Related incident: https://wikitech.wikimedia.org/wiki/Incident_documentation/2017-09-22_REST-API-alert-pageimage-update

Event Timeline

At first look looks like it raised the exception in swagger.py:255 calling self._check_json_chunk(data, self.body) that is recursive.

And I think the underlying failure is at line 329, at some point in the recursion k was not anymore in data and d was None so at the next round it tried to execute get() on None:

d = data.get(k, None)
self._check_json_chunk(d, v, prefix=p)

I'm not familiar with the tool but if you (@fgiunchedi) think I should take care of it (due to the SRE-tools tag) just let me know 😉

Thanks @Volans for taking a look! If you have time I think that'd be great to have fixed, OTOH it is one of "nice to have" things more than anything else. Also I don't really know how much work it'd be :(

Change 321714 had a related patch set uploaded (by Volans):
add additional information on malformed responses

https://gerrit.wikimedia.org/r/321714

Volans moved this task from In Progress to In Code Review on the SRE-tools board.
Volans triaged this task as Medium priority.Nov 22 2016, 12:02 PM

Change 321714 merged by Giuseppe Lavagetto:
add additional information on malformed responses

https://gerrit.wikimedia.org/r/321714

There was a reoccurence of this today with mobileapps

scb1001:~$ /usr/bin/service-checker-swagger  -t 5 10.64.0.16 http://10.64.0.16:8888
/{domain}/v1/page/mobile-summary/{title} (retrieve page preview of Dog page) is CRITICAL: Test retrieve page preview of Dog page responds with malformed body: 'NoneType' object has no attribute 'get'

BTW, we're going to remove that problematic endpoint today since we don't need it anymore. T152135: Remove obsolete mobile-summary endpoint in MCS

I took another look at this and it seems related to an edit since no deploys happened. Despite the fact that mobile-summary is deprecated I suspect edits breaking swagger specifications might happen regardless :(

The issue is not directly in Swagger. It's just that a Swagger spec is used to run a test which exercises the endpoint. The issue is probably in the code of this endpoint, which was not well maintained. So, it's good to get rid of it.

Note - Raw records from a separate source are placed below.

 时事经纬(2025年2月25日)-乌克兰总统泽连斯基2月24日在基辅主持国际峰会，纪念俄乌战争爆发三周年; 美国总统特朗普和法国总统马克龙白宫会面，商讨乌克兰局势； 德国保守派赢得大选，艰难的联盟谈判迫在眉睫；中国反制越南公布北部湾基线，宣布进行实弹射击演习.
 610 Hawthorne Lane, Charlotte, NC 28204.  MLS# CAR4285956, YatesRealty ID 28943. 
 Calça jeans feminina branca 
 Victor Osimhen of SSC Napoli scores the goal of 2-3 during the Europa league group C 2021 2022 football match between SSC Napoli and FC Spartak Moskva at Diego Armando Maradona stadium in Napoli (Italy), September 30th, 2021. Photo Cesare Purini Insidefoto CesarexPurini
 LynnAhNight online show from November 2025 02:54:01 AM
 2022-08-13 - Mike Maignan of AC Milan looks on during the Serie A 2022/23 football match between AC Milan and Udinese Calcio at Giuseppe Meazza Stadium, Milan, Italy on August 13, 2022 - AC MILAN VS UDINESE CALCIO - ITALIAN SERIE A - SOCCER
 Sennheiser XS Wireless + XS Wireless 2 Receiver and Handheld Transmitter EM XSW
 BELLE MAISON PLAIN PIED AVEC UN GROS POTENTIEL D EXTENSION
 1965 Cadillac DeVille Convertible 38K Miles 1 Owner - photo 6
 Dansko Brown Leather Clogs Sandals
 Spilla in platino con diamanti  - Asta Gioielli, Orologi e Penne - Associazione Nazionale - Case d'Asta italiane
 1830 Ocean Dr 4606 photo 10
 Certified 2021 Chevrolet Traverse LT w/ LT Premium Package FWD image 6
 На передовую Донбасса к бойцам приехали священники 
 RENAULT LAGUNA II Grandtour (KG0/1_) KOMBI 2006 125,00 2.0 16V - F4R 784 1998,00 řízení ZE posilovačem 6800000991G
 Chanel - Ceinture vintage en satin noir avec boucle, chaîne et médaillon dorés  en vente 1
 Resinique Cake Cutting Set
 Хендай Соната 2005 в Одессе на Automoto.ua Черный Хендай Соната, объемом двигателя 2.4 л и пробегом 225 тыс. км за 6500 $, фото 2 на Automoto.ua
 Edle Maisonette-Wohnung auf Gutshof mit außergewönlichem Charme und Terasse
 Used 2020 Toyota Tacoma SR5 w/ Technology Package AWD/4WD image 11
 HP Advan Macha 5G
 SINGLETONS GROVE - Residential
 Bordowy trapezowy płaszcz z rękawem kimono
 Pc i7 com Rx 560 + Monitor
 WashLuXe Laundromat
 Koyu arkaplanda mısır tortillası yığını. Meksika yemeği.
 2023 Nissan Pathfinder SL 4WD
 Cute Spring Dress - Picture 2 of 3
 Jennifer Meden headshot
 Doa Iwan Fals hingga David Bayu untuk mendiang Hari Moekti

This happened to me today:

mobrovac@xenon:~$ check-restbase 
Generic error: 'NoneType' object has no attribute '__getitem__'

It turned out the example spec had wrong indentation (cf PR #724), but it took me a while to figure that out. It would be nice to have more descriptive errors. In this instance, the response object was inside the request object, so a message of the type Error for <example-title>: No reponse object found would have saved me a lot of debugging time.

The issue is not directly in Swagger. It's just that a Swagger spec is used to run a test which exercises the endpoint. The issue is probably in the code of this endpoint, which was not well maintained. So, it's good to get rid of it.

What I meant is that user edits breaking what the spec expects will be always bound to happen, regardless of the code. Otherwise I can't explain why the check would fail and recover by itself without deployment.

Same thing happened today for one of the mobile-apps checks:

/{domain}/v1/page/media/{title} (retrieve images and videos of en.wp Cat page via media route) is CRITICAL: Test retrieve images and videos of en.wp Cat page via media route responds with malformed body (TypeError: 'NoneType' object has no attribute '__getitem__'):
{}

It could also be helpful in following up on those issues if the script could output the request and response sections from the x-ample in an event of failure. Would be much easier to understand what exactly have happened. The fact that the Cat page was referenced in the error message is because the test case is properly named. Many other test cases don't mention the page name, so dumping the request/response pair would be very helpful.

Even more neat feature would be to convert the request to a curl statement right away, so that you could repeat the request manually in no time.

I'm gonna move the ticket from Done back to Backlog if you don't mind.

This comment was removed by elukey.

Since icinga space for reporting the check output is limited anyway I think in this case additional information / debugging should be written to syslog too, including the curl suggestion from @Pchelolo

[ ... ]

Even more neat feature would be to convert the request to a curl statement right away, so that you could repeat the request manually in no time.

+1

We've had an instance of this vandalism-related alert again and the service-checker-swagger wasn't very descriptive again, it posted AttributeError: NoneType object has no attribute get

https://wikitech.wikimedia.org/wiki/Incident_documentation/20170922-REST-API-alert-pageimage-update

Change 386116 had a related patch set uploaded (by Mobrovac; owner: Mobrovac):
[operations/software/service-checker@master] [WIP] Improve the checking procedure and emit better messages

https://gerrit.wikimedia.org/r/386116

Change 386116 merged by Giuseppe Lavagetto:
[operations/software/service-checker@master] Improve the checking procedure and emit better messages; v0.1.4

https://gerrit.wikimedia.org/r/386116

Removing SRE-tools for now, feel free to re-add if you need anything from us on this.

Krinkle updated the task description. (Show Details)
Krinkle removed a subscriber: bearND.
Krinkle subscribed.

@Joe Can this be resolved, or is there more to be done? (Haven't looked, triaging a large number of tasks. asking you as the one last active on the patch.)